Transcript: ‘We’ll keep paying 6% return, for now’ – executive director Cliff Coombe.

HANNA BARRY: Short-term unsecured lender, Bridge, has applied for business rescue due, it says, to a lack of institutional funding caused by some risk aversion around the unsecured lending sector in South Africa after the failure of African Bank. Now ordinary people could invest in Bridge and essentially fund its lending activities, these 1200 investors or so will see their returns slashed from as high as 19% in many cases or 12% in others to just 6% so that the company can generate sufficient internal funding to remain a going concern.

On the line now to discuss what the business rescue process means for investors is Cliff Coombe, executive director at Bridge. Cliff, thanks for your time this evening, why the decision to place Bridge into business rescue and not simply restructure the company to better deal with the challenges it’s facing?

CLIFF COOMBE: Hanna, yes, thanks for the question, I think the first thing that we need to understand is that this is not simply your run of the mill restructure, we are asking our investors to participate in this process and it’s fairly…it touches them where it hurts most. It’s their pockets and we need a buy-in from all the investors in Bridge.

So this is where we take the mechanism of business rescue, which we believe has been developed specifically for a position like this where we can have a collective bargaining process, where everybody who’s got a vested interest can come in, have their say, participate in the process and then ultimately vote on the business rescue plan, so that it’s not something that’s just forced upon the investor, all stakeholders must play a role in this process.

HANNA BARRY: Cliff, what kind of a timeline are we looking at in terms of voting for the business rescue plan and then seeing it completed, can you give us some dates.

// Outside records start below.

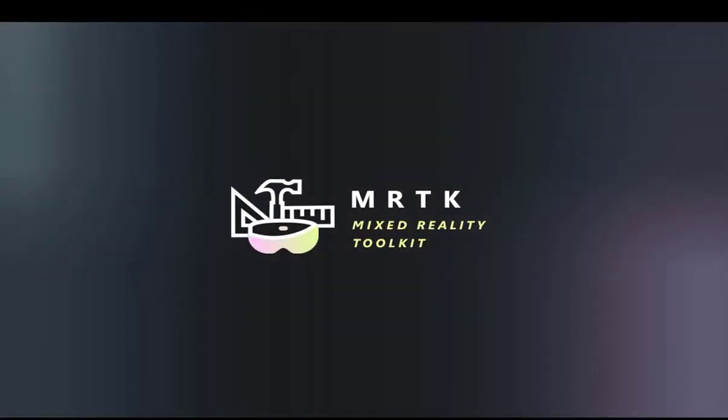Welcome to the Mixed Reality Toolkit quick start guide. We're going to go through how to get started with the Mixed Reality Toolkit and start building your awesome mixed reality experiences.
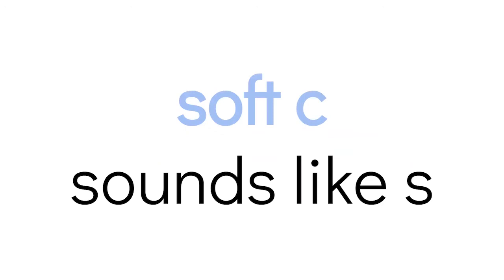A soft C is when the letter C makes a sound different than its normal hard kuh sound. Normally a C can sound like a K, but sometimes it sounds like the letter S. And that's called a soft C. Let's see some examples.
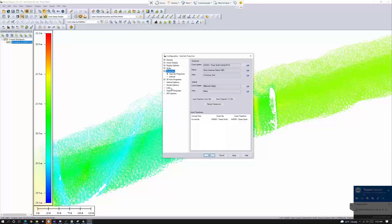We're going to come down to the Projection section. Normally in Global Mapper you would only see the horizontal coordinate system tool, but because we've activated GeoCalculator we have the vertical option too. Right now you can see they exported with Texas South Central, NAD83 datum, in survey feet — that's great, that's what we'd expect. But the problem is we're in ellipsoidal height and in meters, so we can't use that. I'm going to show you how to do the horizontal transformation and how to set the vertical datum.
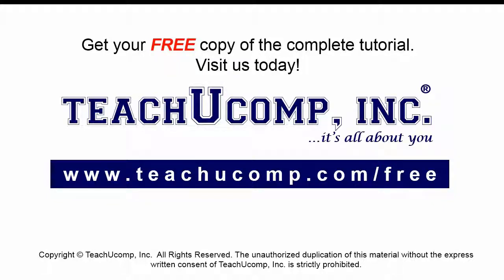Get your free copy of the complete tutorial at www.teachucomp.com/free.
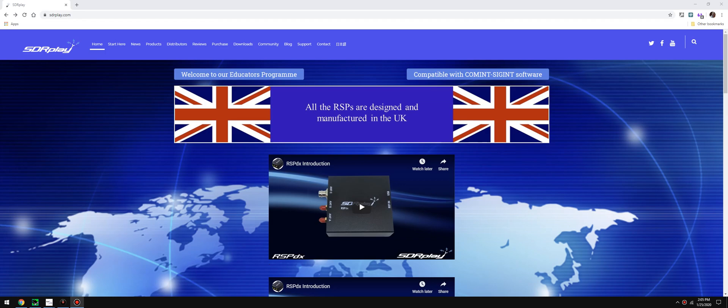Hey, what's going on everybody, it's Mike Katie2KOG, part of the technical support staff here at SDRPlay.com. Just want to let you guys know really quick that I released a PDF primer for decoding NAVTEX.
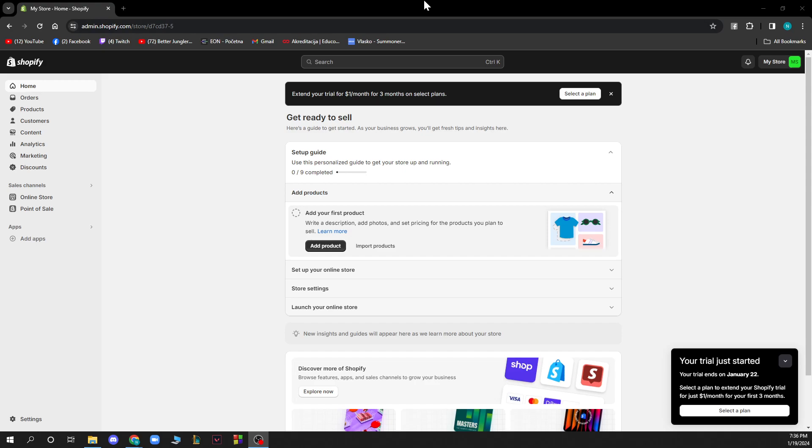Now when you've done that we'll be on this home screen where you have a lot of different options. In the home button you have orders, your products, customers, content, analytics, marketing, and discounts.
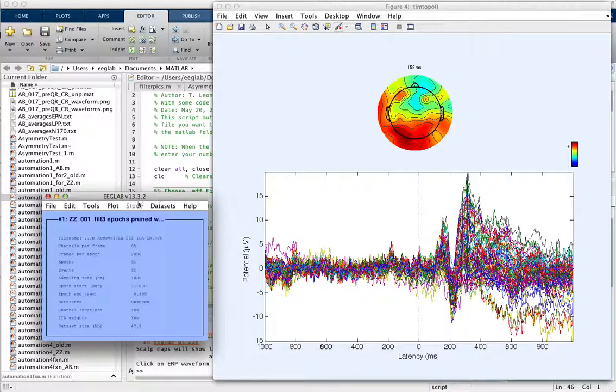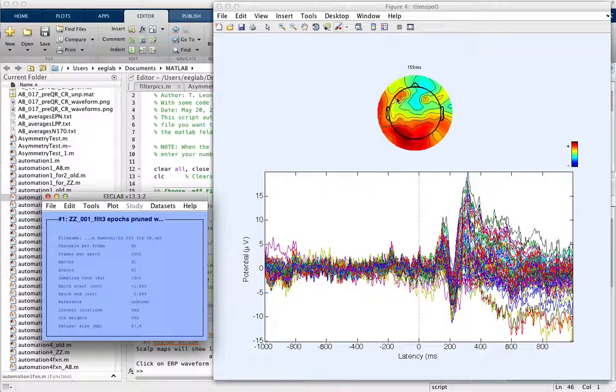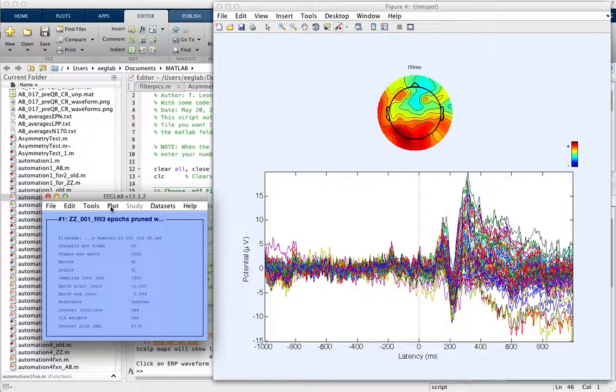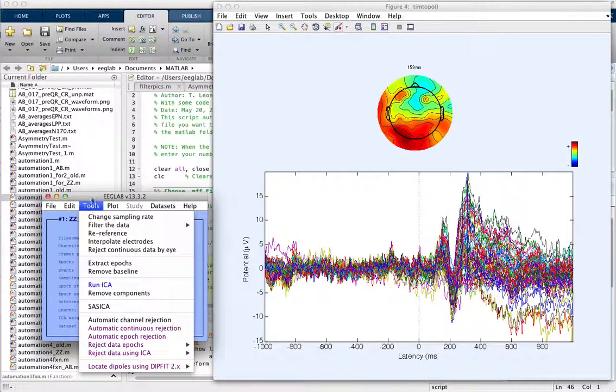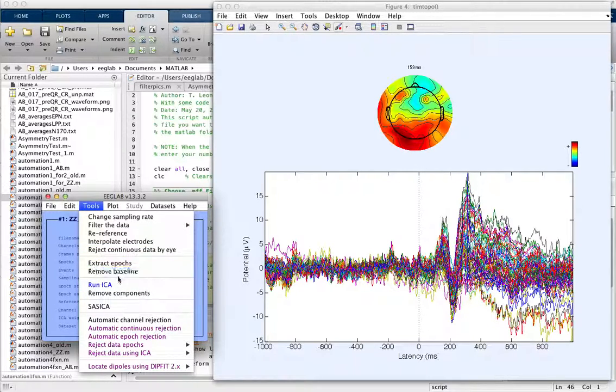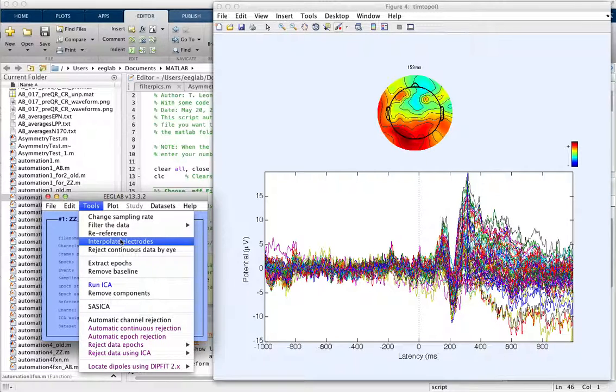First we need to know what these electrode numbers are. You can do that by comparing it to a channel map and seeing which electrodes they are. I know that they're 11 and 60, the numbers that we want to get rid of. So we're going to go to Tools, Interpolate Electrodes.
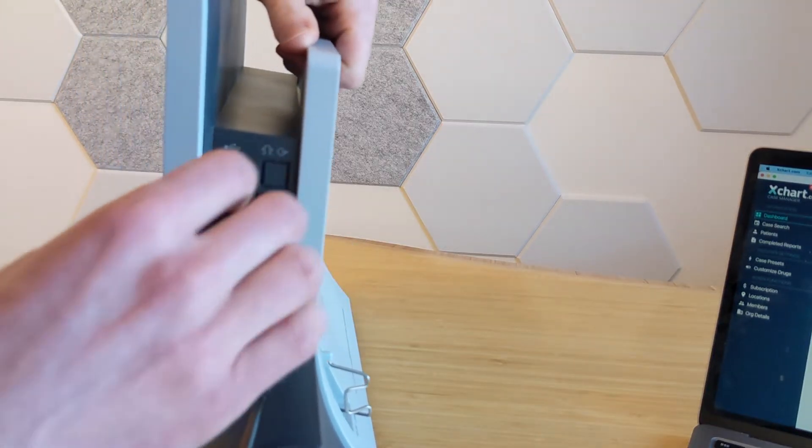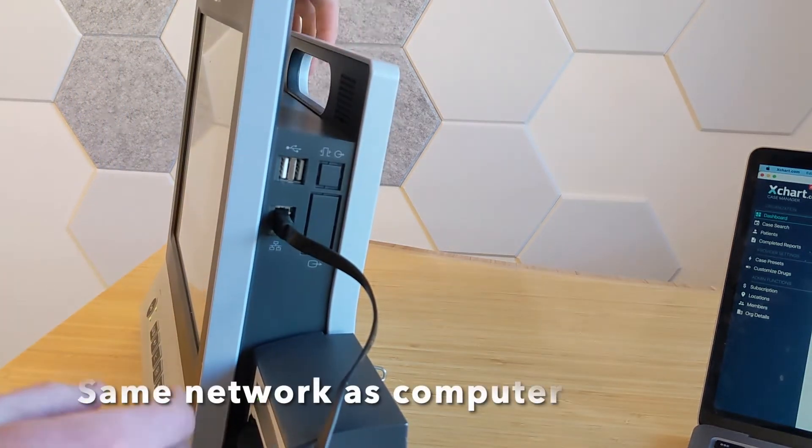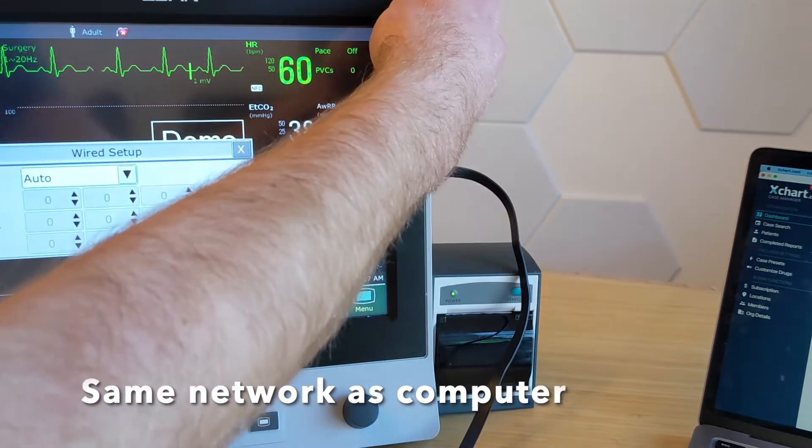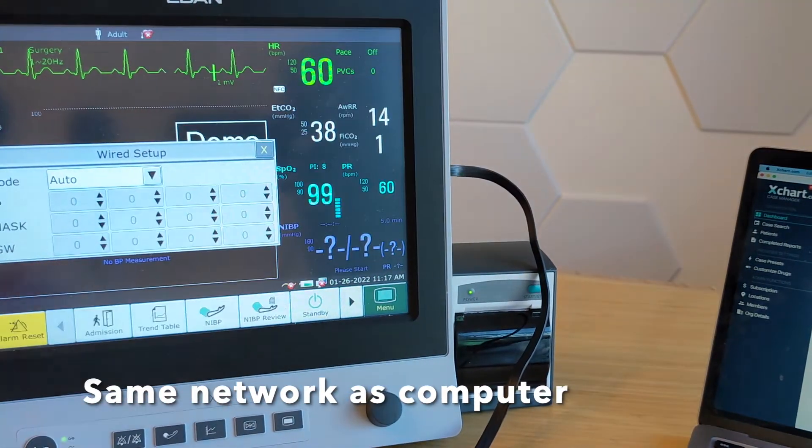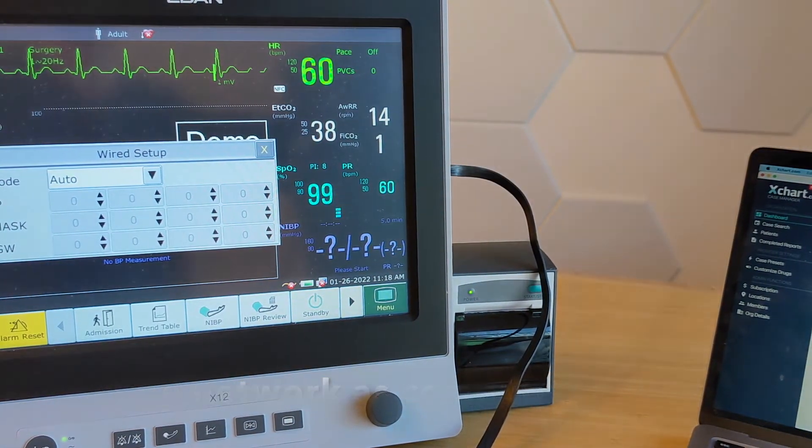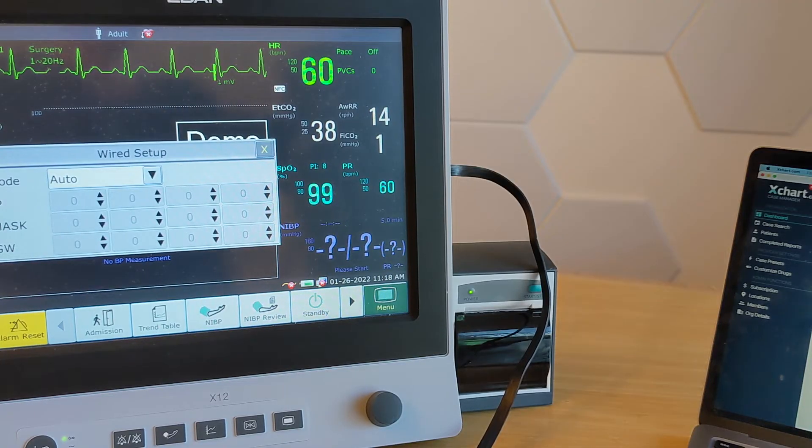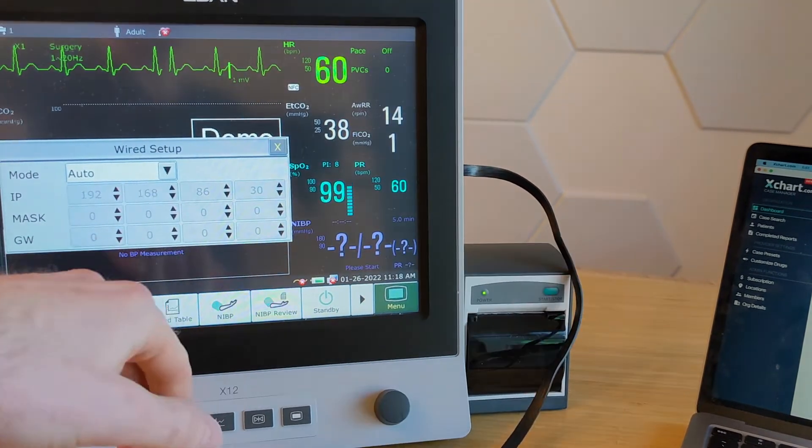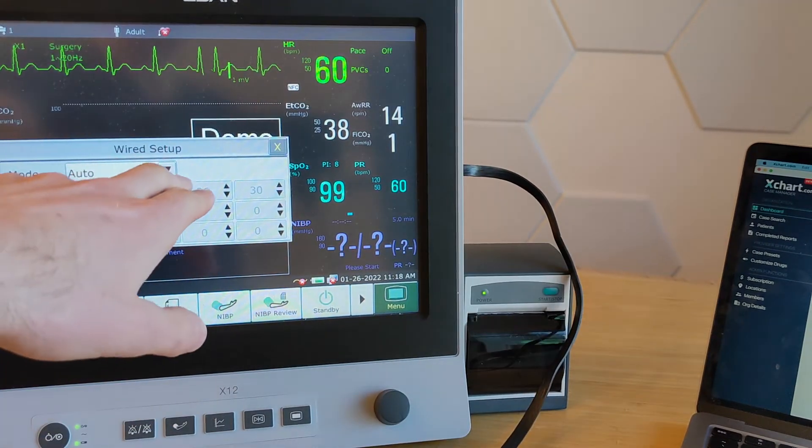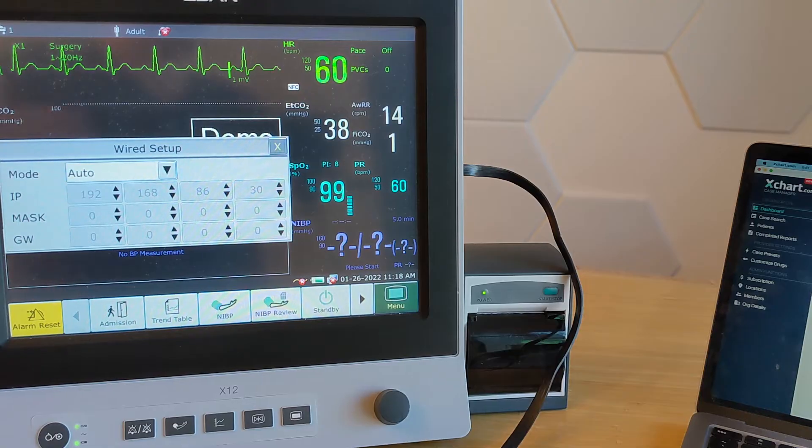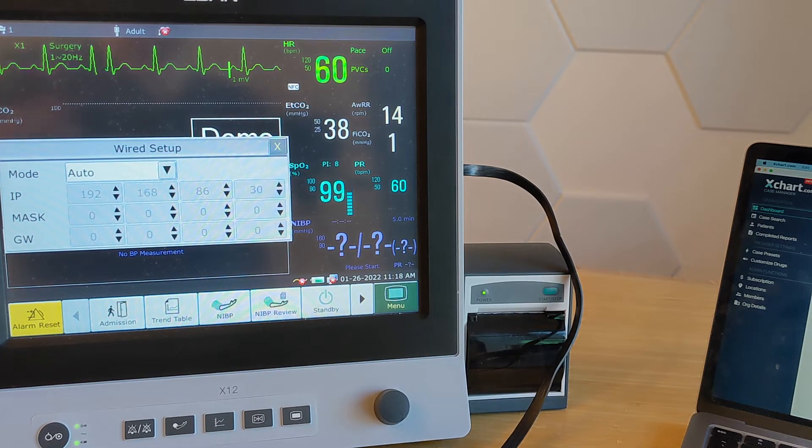You want to make sure that whatever network you're connecting to here is the same network that you're going to connect to whatever computer you're going to be using to chart. Obviously, it has to be on the same network for this to work. We can probably just leave it on auto. If you have a special network set up, you can do that.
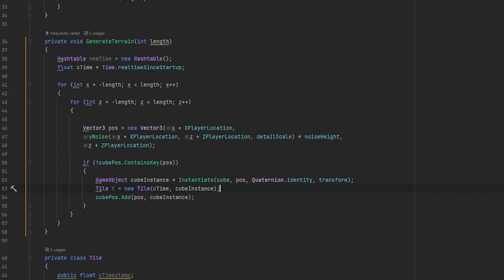Now within the hash table, instead of passing the cube instance itself, the game object, we're going to pass in the tile as the value. So, we remove the cube instance and we pass our tile reference, which is T.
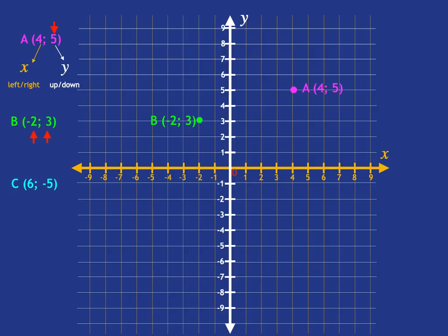Let's say we need to draw point C at (6, -5). Why don't you quickly try to identify where that would be on this Cartesian plane? We start at the origin, then deal with X — which is positive six — so six steps to the right. Then we look at Y, which is negative five, so we go five steps down. And there is point C at (6, -5). Did you get that right?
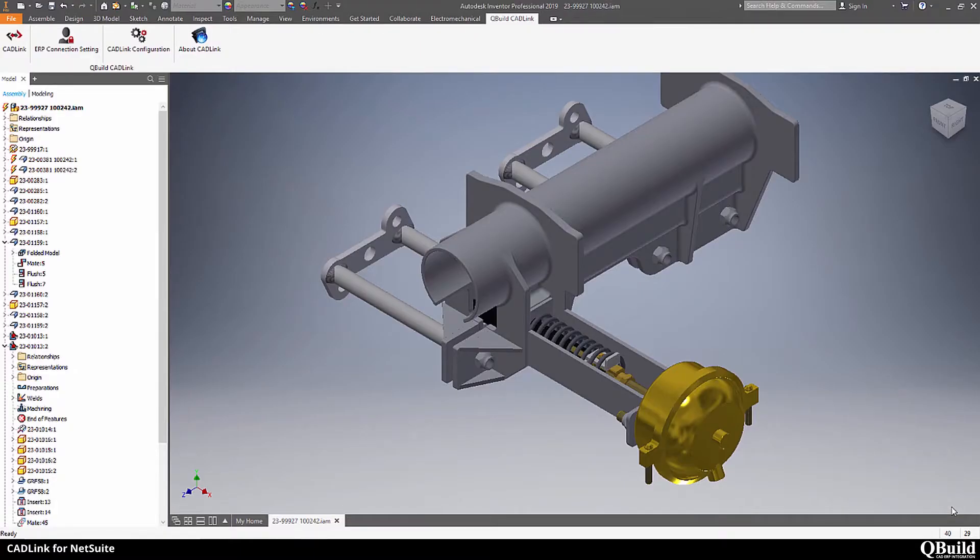Welcome to CadLink for NetSuite. Today we will be covering how you can integrate Autodesk Inventor with NetSuite and the benefits of doing so.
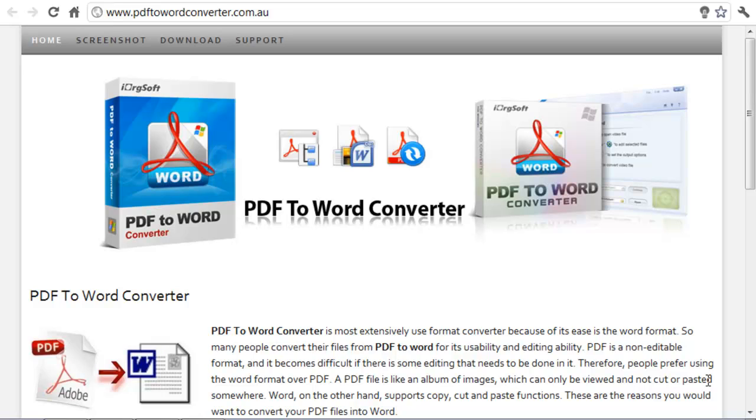Hi and welcome to the software PDF to Word Converter. Using this software you can convert all of your PDF documents into Word and so this would enable you to edit the documents as you please.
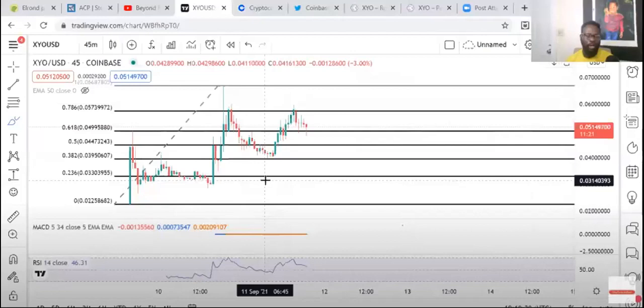Alright guys, I ran into another one about XYO price prediction. In this video, I'm a brother spreading positivity, so you guys can come give this channel a like and subscribe.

CLIFF COOMBE: Look, it’s difficult, Hanna, the plan that we ultimately decide on could be a longer-term plan, could be as long as three, four years but the business rescue process could be finalised as quickly as six months, seven, eight months. That will all depend on the participation of all the role players one, and two obviously the business rescue practitioner, Mr George Nel, is really now in control of that process. There are timeframes prescribed in law but due to the size of the business it will take a month, maybe two to get everyone together, get all the input and then hopefully vote on the plan. What we are hoping for and what we are going to be pushing for as the directors is to get this thing turned around as quickly as possible, we do not want a protracted process, we’d like to get the guys in, get their input, turn it around and finish the process so that we can get on with business as usual.

HANNA BARRY: Cliff, can you give an indication as to how much money Bridge needs to raise or perhaps cut back on in order to remain a going concern, you mentioned that it spends around R17m a month to facilitate lending transactions, which enables it to then put out around R100m a month into the market in the form of loans, how are those figures going to change?

CLIFF COOMBE: Yes, Hanna, we’ve got two sides to the business, obviously the investor side where we’re paying out investor return and then on the operating expenses side, which is what you’re referring to now. Now simply put, Bridge has built a business that has the capacity to put R100m a month into the market, which is not massive in terms of the size of the market but it’s a healthy business and that was what our planning was built and structured around. So what we now need to do is bring it down because we are essentially going to be self-funding in the next foreseeable future because we don’t believe that institutions at this point will be funding this sector any further, not in the short term in any event.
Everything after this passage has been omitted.